Eisschnelllauf (WM in Heerenveen/NED; 11. bis 14. Februar): Mit Aushängeschild Vanessa Herzog, ihren Tiroler Kollegen Gabriel Odor und Natalie Kerschbaummayr sowie der Steirerin Katharina Thien sind gleich vier rot-weiß-rote Athleten bei der Einzelstrecken-WM im niederländischen Eisschnelllauf-Mekka dabei. Dort fanden zuvor ja bereits zwei Weltcup-Wochenenden statt. Los gehen die Bewerbe am Donnerstag, für Medaillenkandidatin Vanessa Herzog wird es ab Freitag so richtig ernst: „Ich spüre, dass die Form zu genau jenem Tag X perfekt passt“, prophezeit Österreichs Sportlerin des Jahres 2019.

Bob und Skeleton (WM in Altenberg/GER; 11. bis 14. Februar): Nachdem Kati Beier­l (Zweier Damen), Benn­i Maier und Markus Treichl (beide Zweier Herren) Spitzenplätze verpassten, gibt es in Altenberg die nächste Chance. Den Anfang machen die Skeleton-Asse am Donnerstag, wo natürlich Janine Flock als Medaillenbank gilt. Und auch in den Bob-Bewerben (Vierer Herren, Monobob Damen) rechnet sich der österreichische Verband durchaus Edelmetall-Chancen aus.

Naturbahnrodeln (WM in Umhausen/AUT; 12. bis 14. Februar): Aus Witterungsgründen musste die Heim-WM auf der Grantaubahn um eine Woche verschoben werden.

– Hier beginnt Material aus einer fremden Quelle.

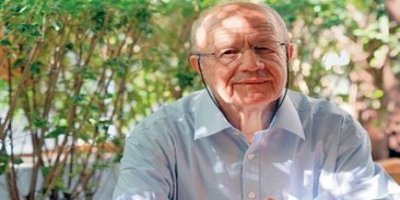 Beşikçi: Türk solcuları, Kürdlerin, Kürdçe konuşmalarından rahatsız oluyorlar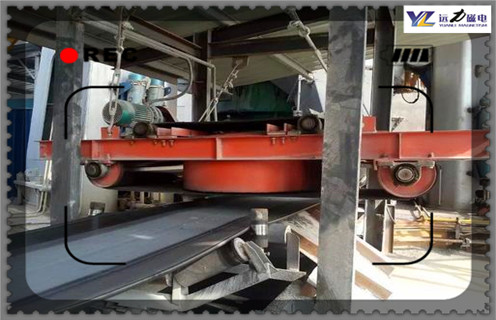 自卸式電磁除鐵器，新疆自冷自卸式電磁除鐵器_技術(shù)參數(shù)_新疆自冷自卸式電磁除鐵器工作原理_國(guó)家標(biāo)準(zhǔn)生產(chǎn)廠家 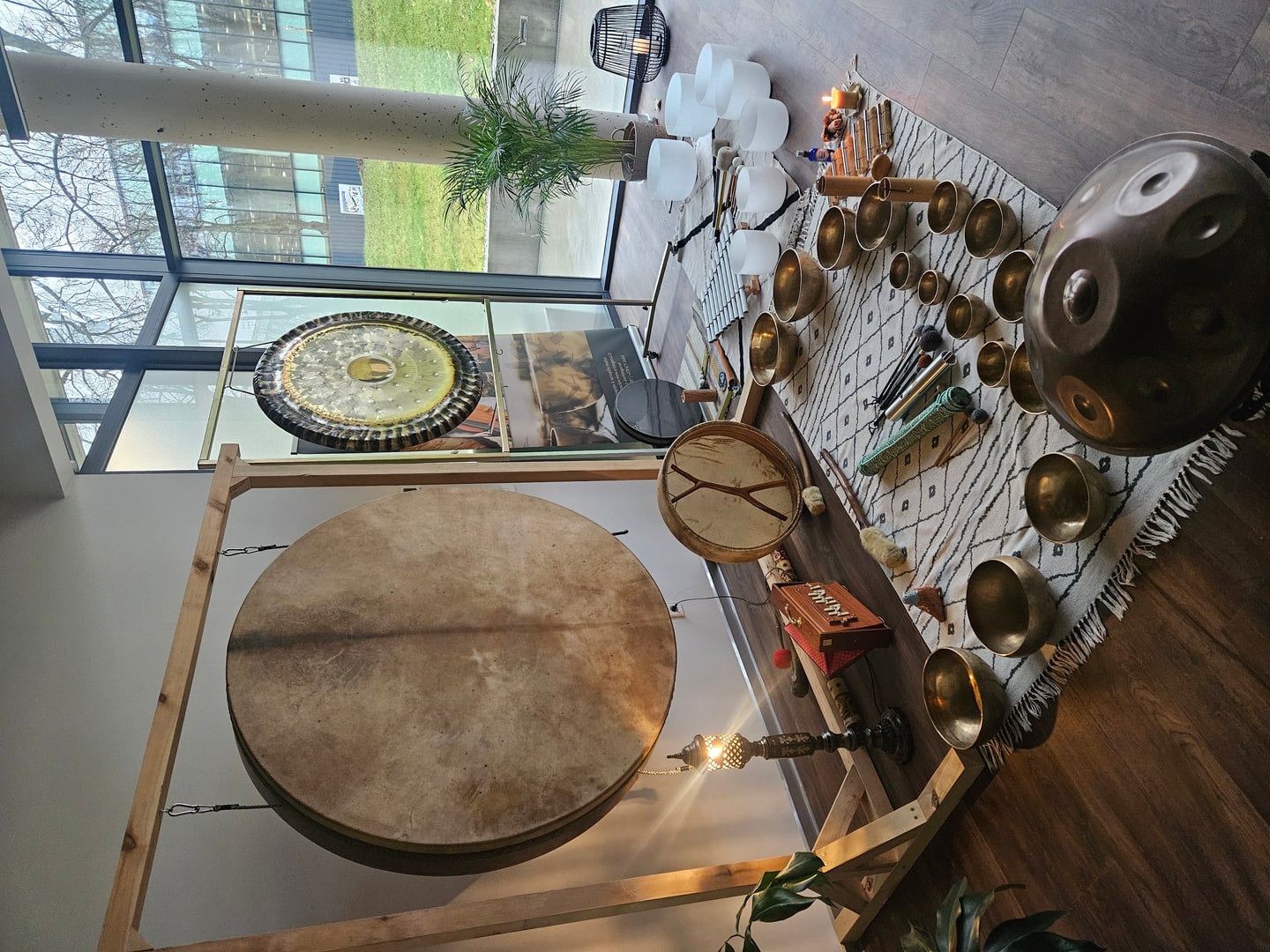 GONGAI • BŪGNAI • VIOLONČELĖ - KELIONĖ GARSUOSE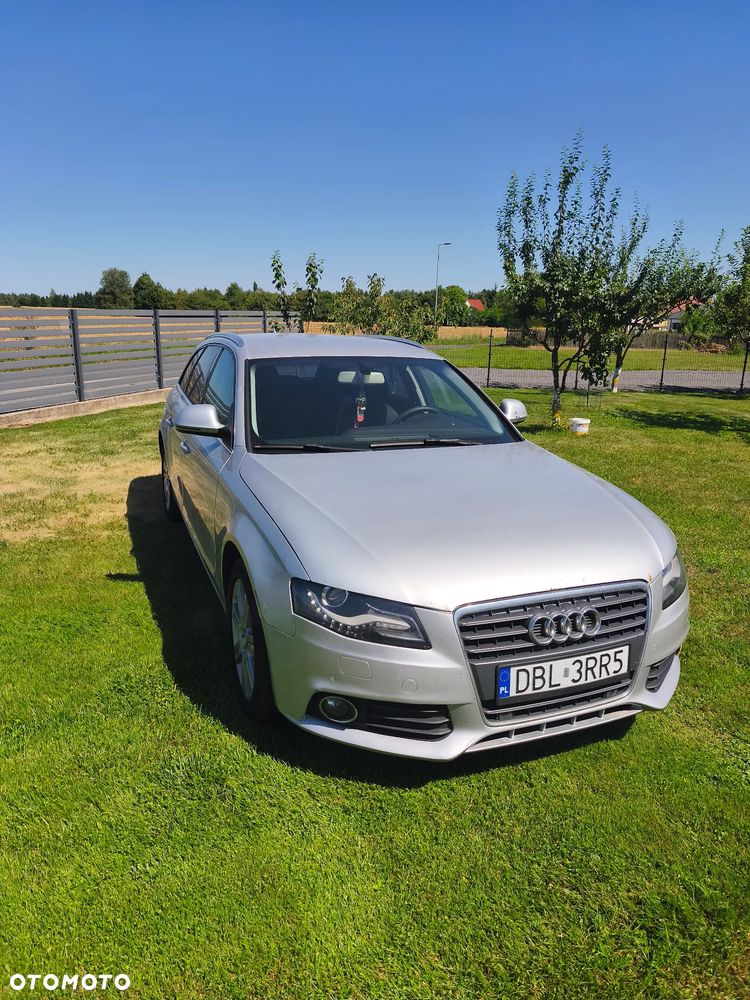 Audi A4 Avant - 1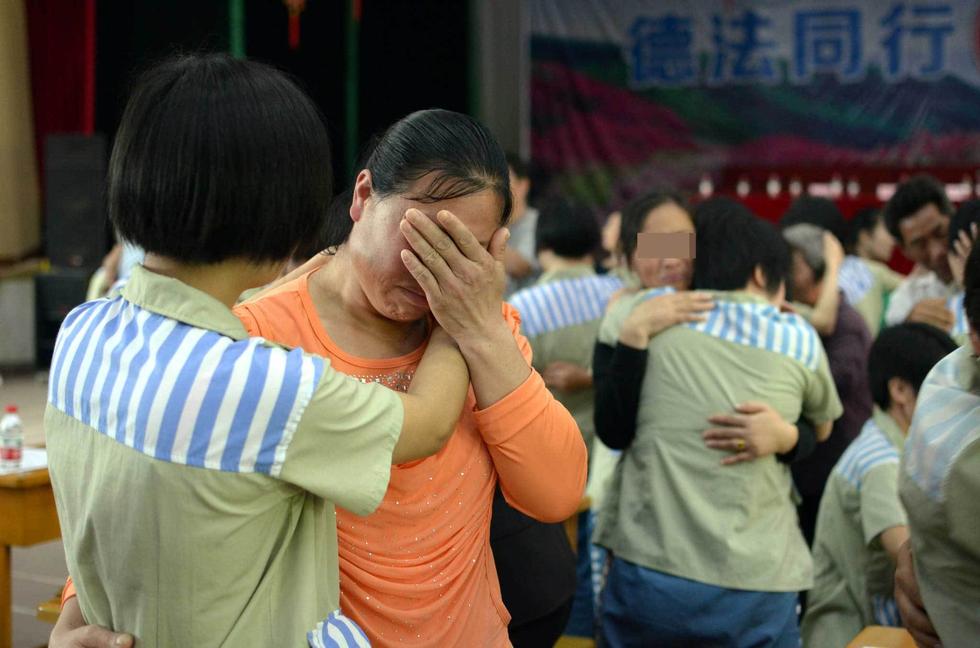 江西女子监狱母亲节：女儿给服刑母亲送香吻
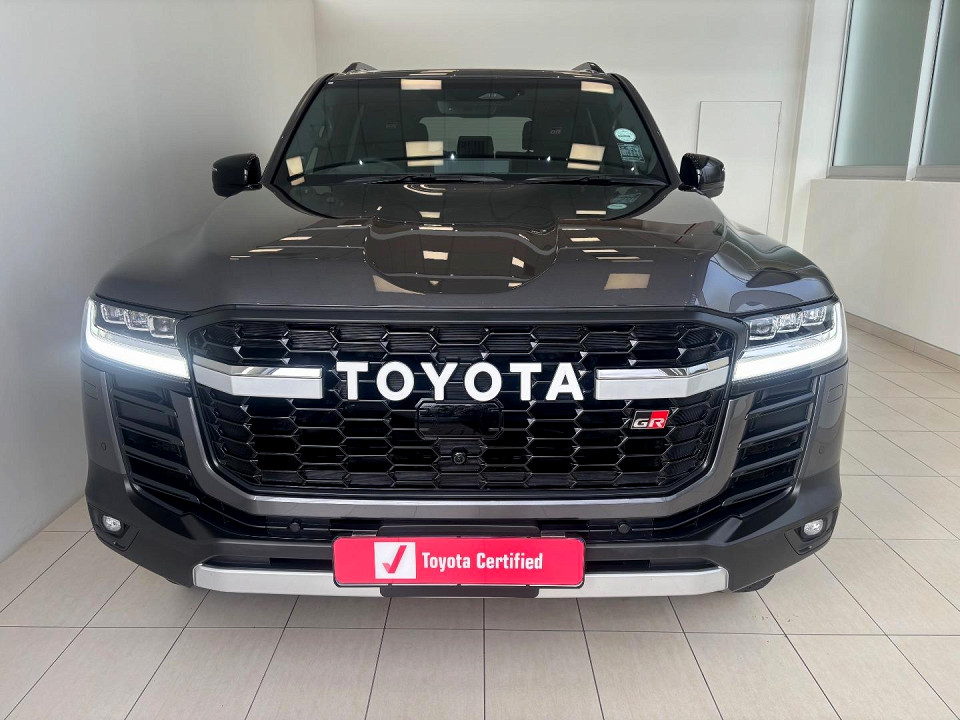 TOYOTA LANDCRUISER 300 V6 3.3D GR-S, image 2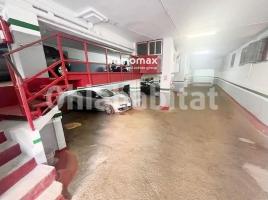 Business premises, 339 m², Zona
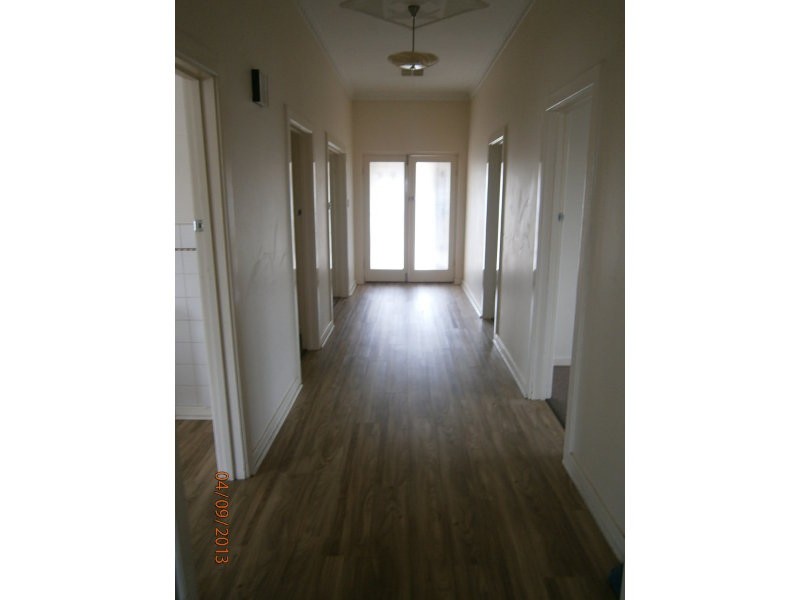 2 Garson Avenue, Croydon Park SA 5008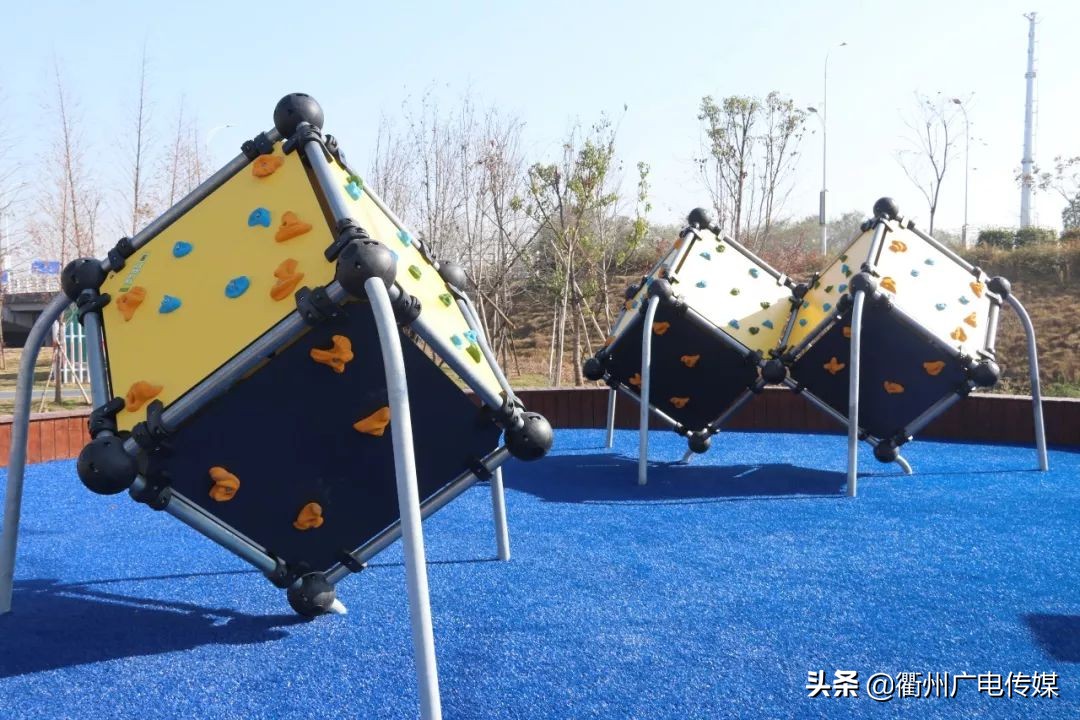 VLOG|智能足球场、棋趣木立方……记者带您去玩衢州首个乡村运动公园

Während am Samstag die Titelträger bei Damen un Herren gekürt werden, will sich am Sonntag Lokalmatador Thomas Kammerlander Herren-Gold sichern – es wäre der letzte fehlende Zacken in „Kammis“ Naturbahn-Krone. Als Generalprobe gilt heut­e und morgen das Weltcup-Finale in Laas (ITA).

Und zum Drüberstreuen beginnt heute mit sechs Tirolern (Medwed, Wörgötter, Lamparter, Einkemmer, Kolb, Slamik) auch noch die Nordische Junioren-WM in Finnland (bis 14. Februar). Dem geneigten Wintersport-Fan wird in den kommenden Tagen also sicher nicht fad.